DESCRIPTION OF THE TASK = The reply should contain the full listing exactly as written and no pictures at all.

#### COLLECTED MATERIAL

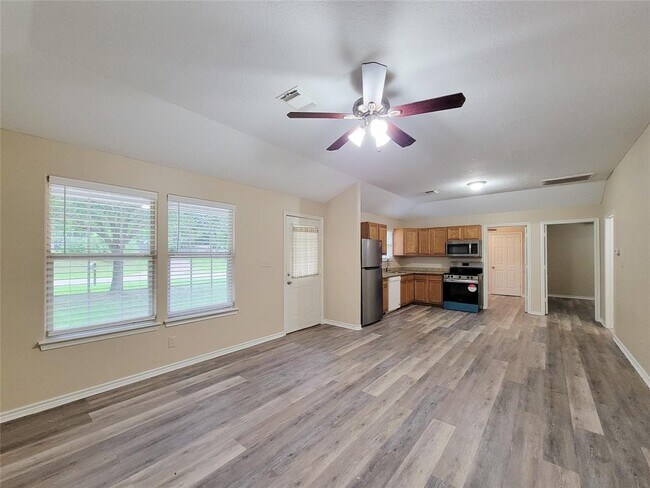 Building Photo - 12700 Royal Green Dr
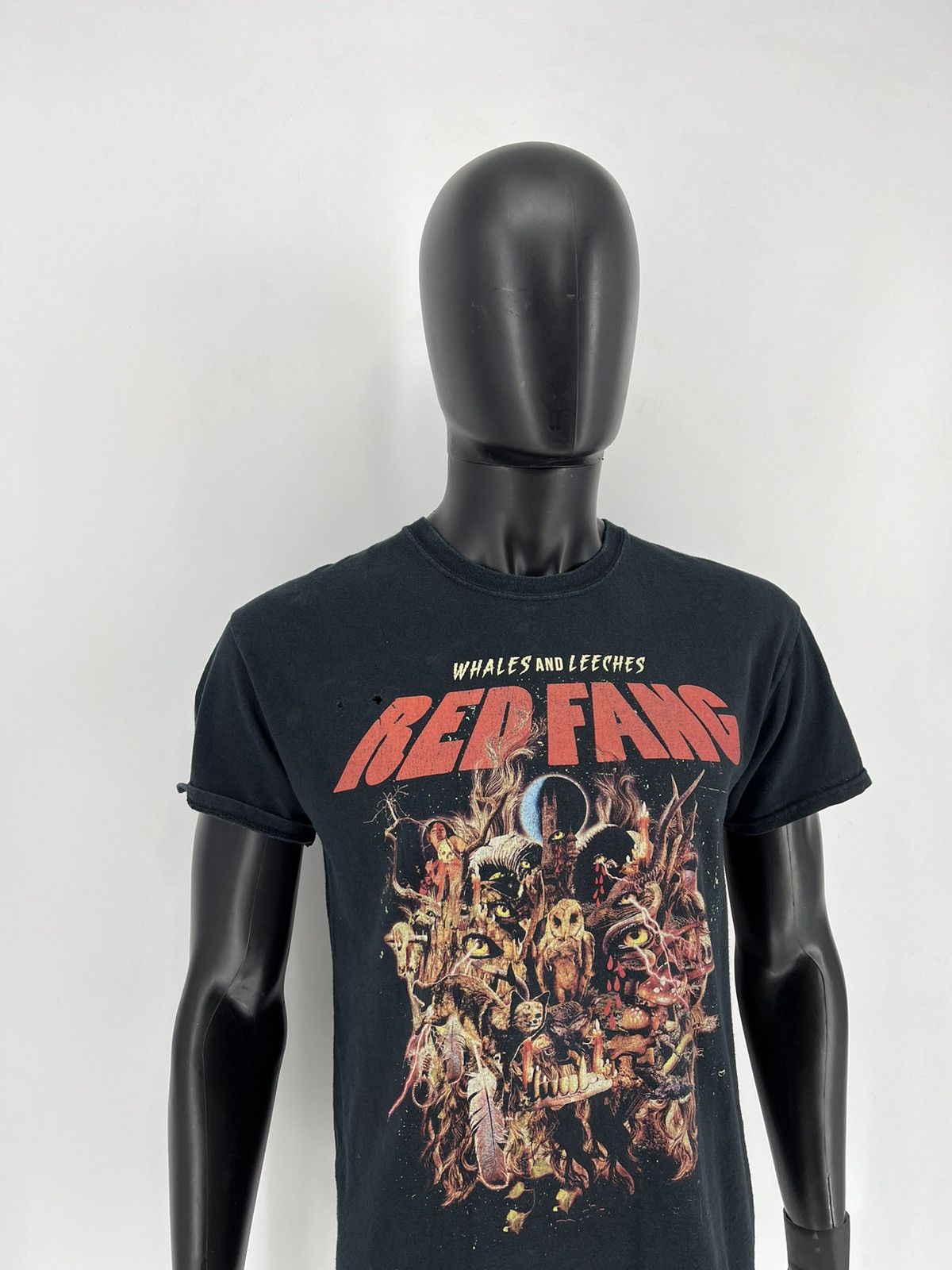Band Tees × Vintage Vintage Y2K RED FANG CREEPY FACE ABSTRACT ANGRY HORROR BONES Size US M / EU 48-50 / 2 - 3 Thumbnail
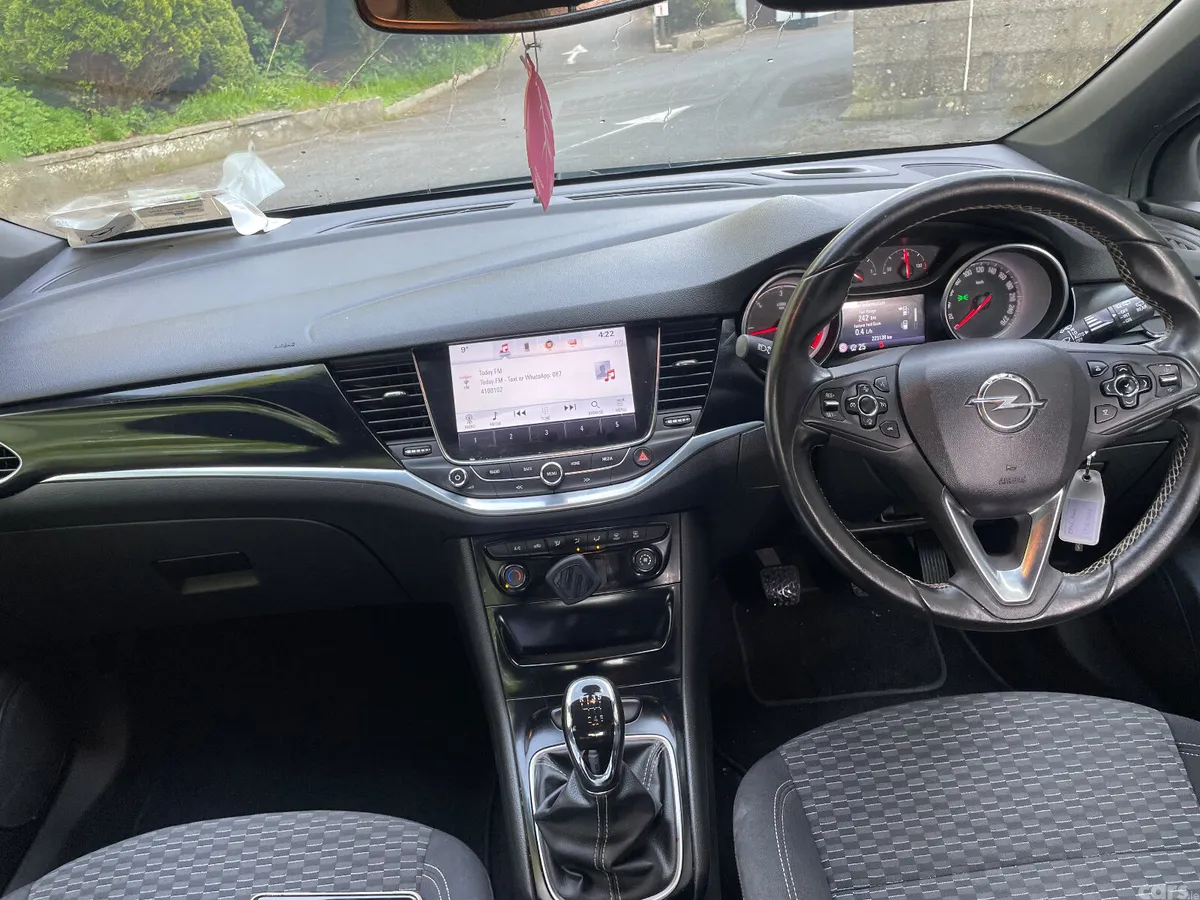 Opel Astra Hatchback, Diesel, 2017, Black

########

PROBLEM SOLUTION =
 Building Photo - 12700 Royal Green Dr
Band Tees × Vintage Vintage Y2K RED FANG CREEPY FACE ABSTRACT ANGRY HORROR BONES Size US M / EU 48-50 / 2 - 3 Thumbnail
 Opel Astra Hatchback, Diesel, 2017, Black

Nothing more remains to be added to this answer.